Fran addressed the difficult reality behind development risk:

Whether an asset advances depends on far more than scientific novelty.

Innovative biology does not automatically translate into a clinically or commercially viable program. The assets that succeed are those prepared to withstand the clinical, regulatory, and competitive pressures that ultimately determine their value.

The most expensive and irreversible decisions often occur when evidence is least complete. Executives must prioritize programs. Business development teams must shape partnering strategies. Investors need confidence before committing capital.
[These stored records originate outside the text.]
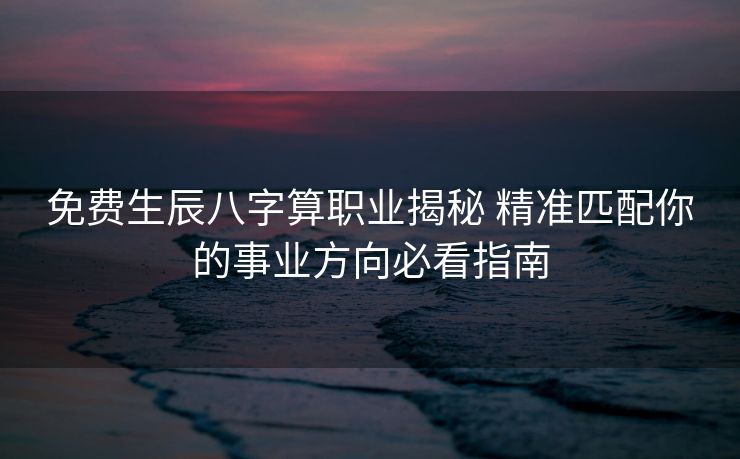 免费生辰八字算职业揭秘 精准匹配你的事业方向必看指南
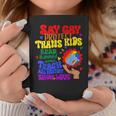Say Gay Protect Trans Kids Read Banned Books Men Lgbt Pride Coffee Mug Unique Gifts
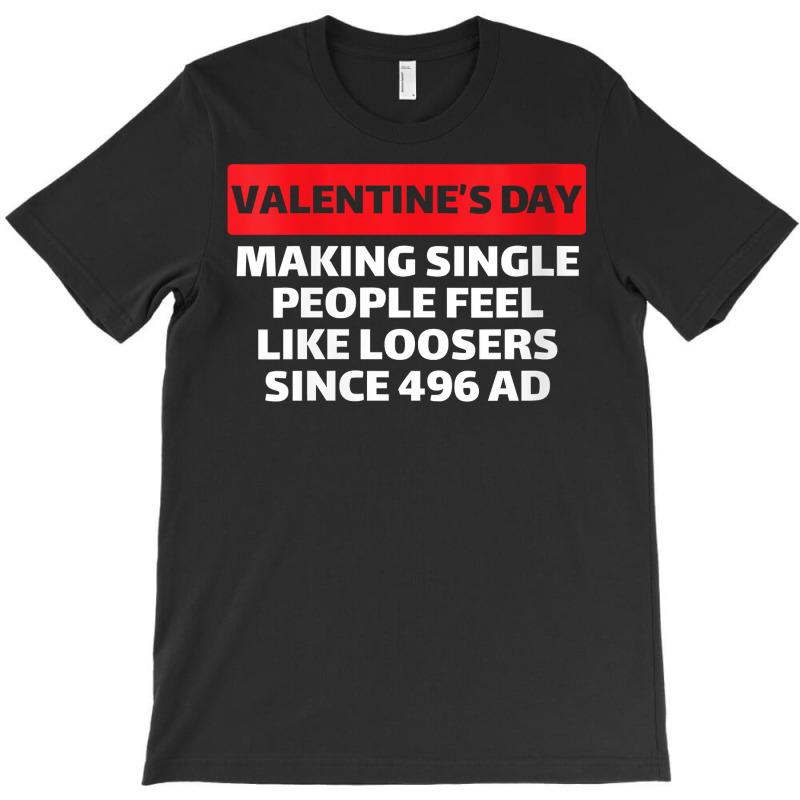 Womens Valentine's Day Making Single People Feel Like Losers 496 Ad V T-shirt | Artistshot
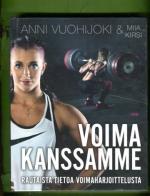 Voima kanssamme - Rautaista tietoa voimaharjoittelusta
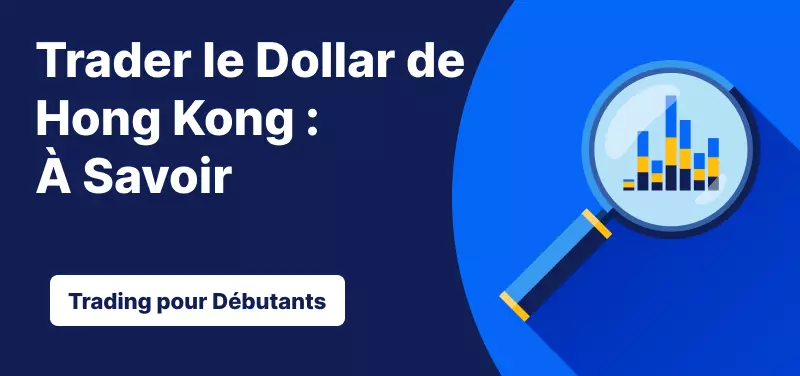 Trading pour les Débutants – Trader le Dollar de Hong Kong : Ce qu'il Faut Savoir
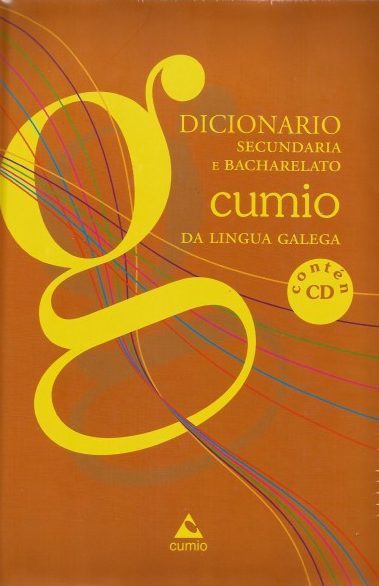 DICIONARIO SECUNDARIA E BACHARELATO CUMIO DA LINGUA GALEGA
Yet due diligence is expected to be rapid and evidence-driven while relying on imperfect information.

This tension is where Model-Informed Drug Development (MIDD) is becoming influential, particularly as regulatory acceptance grows, and frameworks such as ICH M15 formalize the role of modeling in decision-making.

Amy described MIDD as a way to transform existing evidence into actionable insight:

Rather than relying on intuition, teams can test assumptions early, estimating dose confidence, subgroup response, exposure-response relationships, therapeutic window, and competitive positioning before committing to the next clinical step.

Virtual patient simulations, digital twins in drug development, and AI-enabled approaches now allow organizations to explore likely human outcomes before years of trials unfold.

A clear theme emerged: MIDD has evolved from a technical tool into a strategic lever that directly informs how confidently an asset can be evaluated.

When teams can anticipate performance across multiple scenarios, they can:

• avoid preventable failures
• support valuation with quantitative evidence
• shape clinical strategy before enrollment
• strengthen partnering and licensing discussions

For investors, this offers clarity beyond traditional data packages. For developers, it enables a more credible and defensible asset narrative. Whether in oncology, rare disease, or early translational programs, quantitative confidence is becoming a differentiator in how assets are viewed.

Everyone in drug development is working toward the same goal: advancing therapies to patients who need them. Yet without the right evidence early, organizations are too often forced to make high-consequence decisions based on hope rather than probability.

MIDD does not eliminate risk, but it provides a clearer lens for evaluating it. And that clarity is increasingly central to informed, credible drug asset valuation.